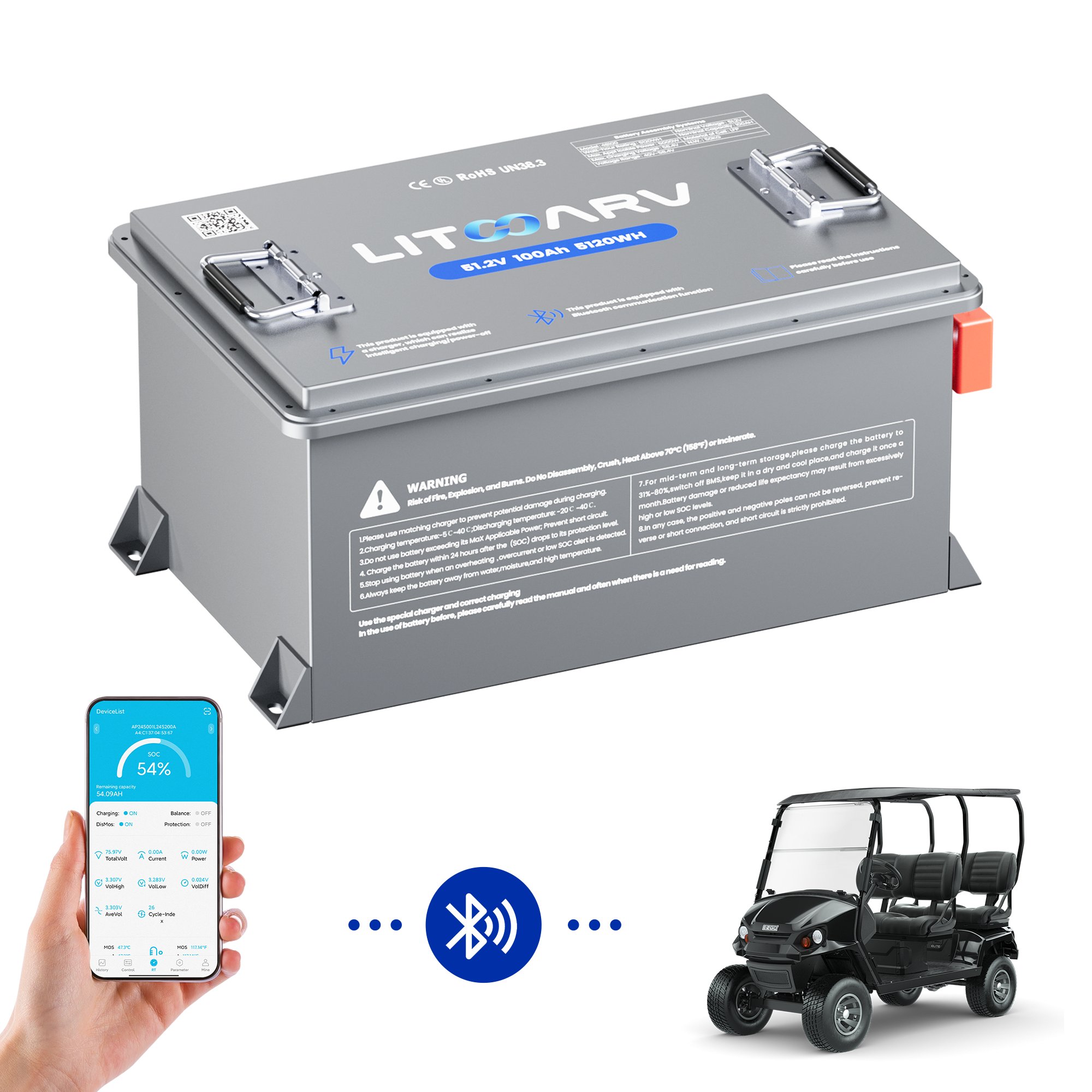 72v 48v Golf Cart Lithium Battery 36v For Golf Cart 51.2v 105ah 100ah Lithium Iron Phosphate Ion Batteries 200ah 280ah 48 Volt
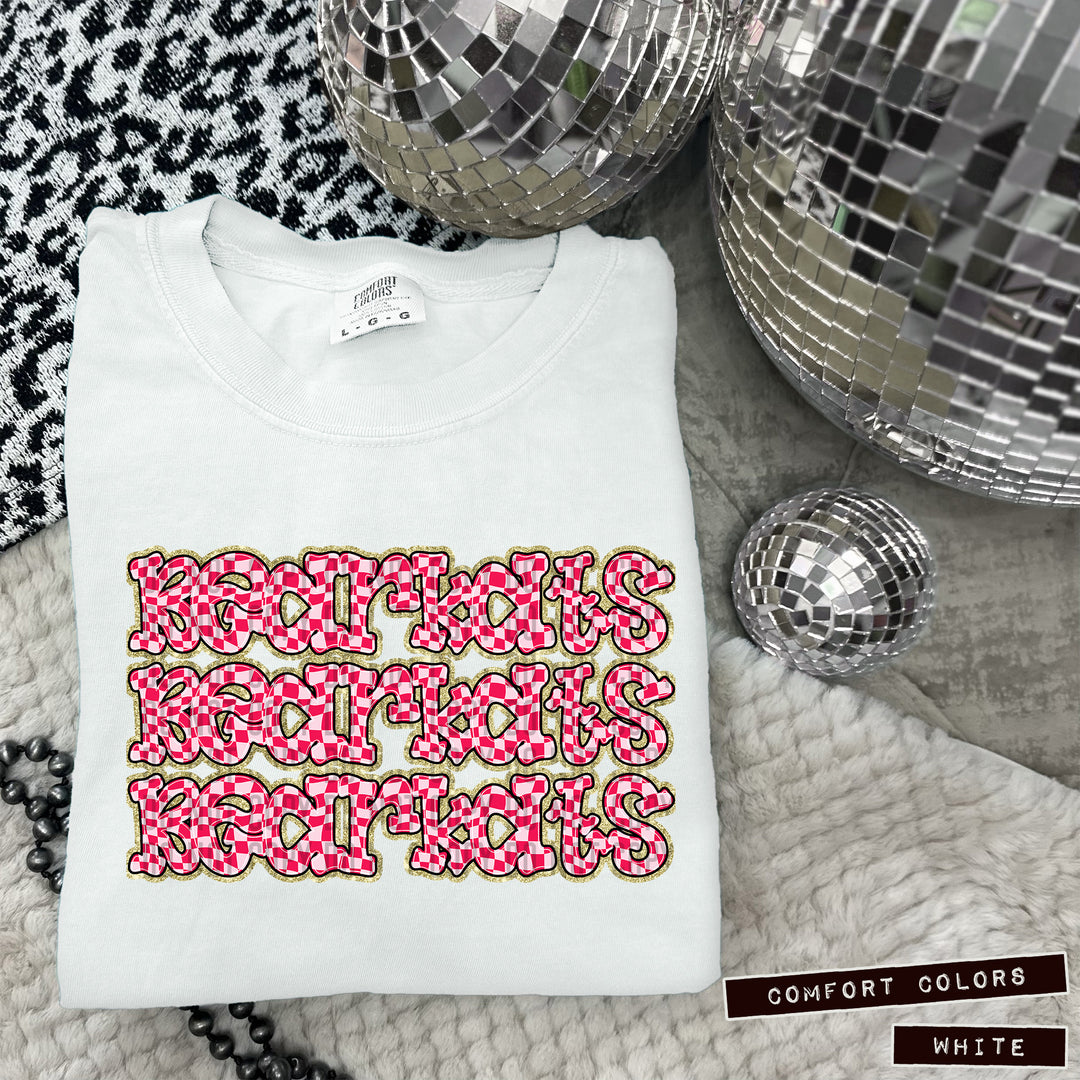Pink Checks DTF Print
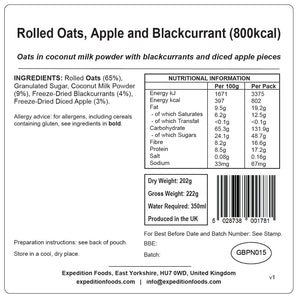 Expedition Foods Vegan Rolled Oats, Apple and Blackcurrant (800kcal)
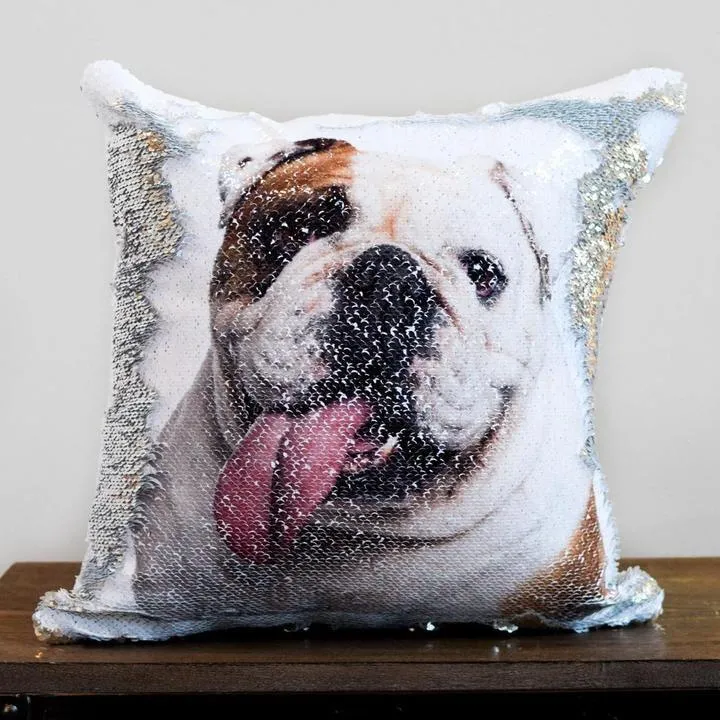 Custom photo sequins throw pillowcase 40x40cm gold front with personalised picture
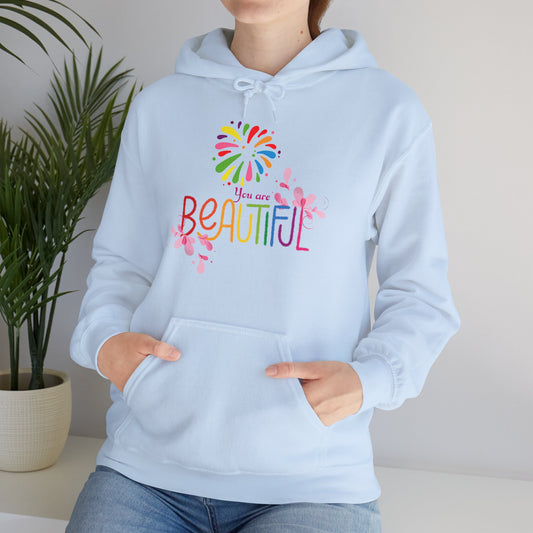 A unisex hooded sweatshirt with 'You Are Beautiful' text and a colorful design on the sleeves.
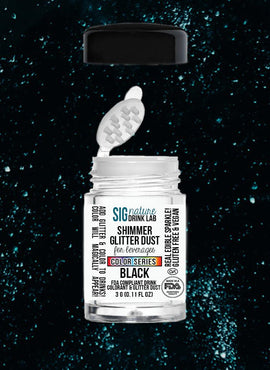 Shimmer Glitter™ Black Edible Dust for Cocktails, 3g
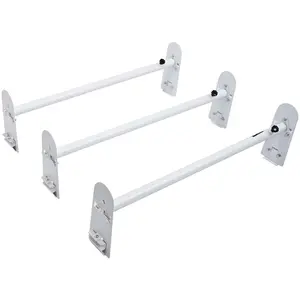 【Spotlight Day】VEVOR Van Roof Ladder Rack, 3 Bars Alloy Steel Roof Racks, 750 LBS Capacity Rain-Gutter Roof Rack, Adjustable Length 40.2" to 74.8", Van Ladder Rack Compatible with Chevrolet Express, GMC Savana, etc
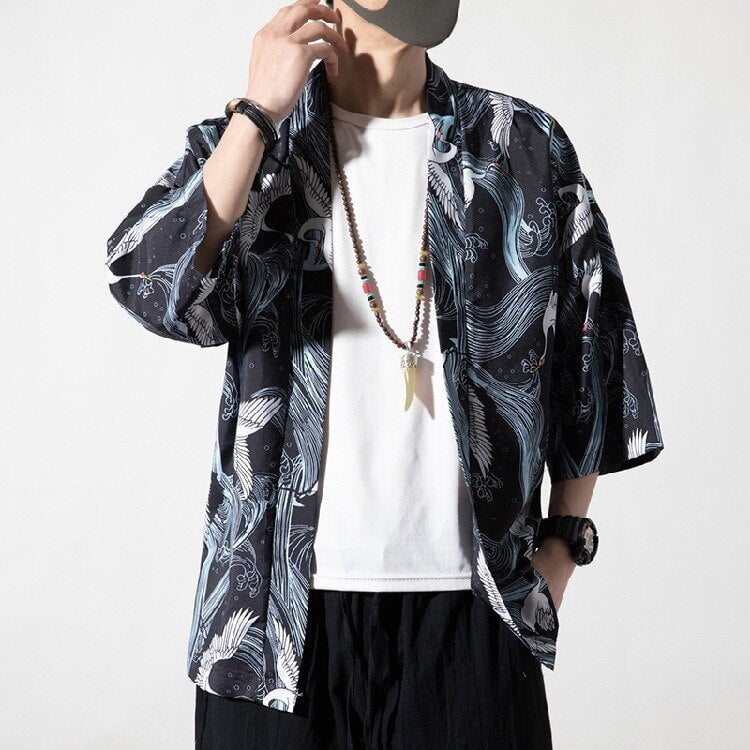 Japanese Royal Cranes Kimono - Image 5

+ + + +

▶ **TASK GOAL**:
Take the entries above and copy exactly the lines starting at the one with "Expedition Foods Vegan" and ending at the one with "GMC Savana, etc"; nothing outside that span, and no pictures.

▶ **RESULT**:
 Expedition Foods Vegan Rolled Oats, Apple and Blackcurrant (800kcal)
 Custom photo sequins throw pillowcase 40x40cm gold front with personalised picture
 A unisex hooded sweatshirt with 'You Are Beautiful' text and a colorful design on the sleeves.
 Shimmer Glitter™ Black Edible Dust for Cocktails, 3g
 【Spotlight Day】VEVOR Van Roof Ladder Rack, 3 Bars Alloy Steel Roof Racks, 750 LBS Capacity Rain-Gutter Roof Rack, Adjustable Length 40.2" to 74.8", Van Ladder Rack Compatible with Chevrolet Express, GMC Savana, etc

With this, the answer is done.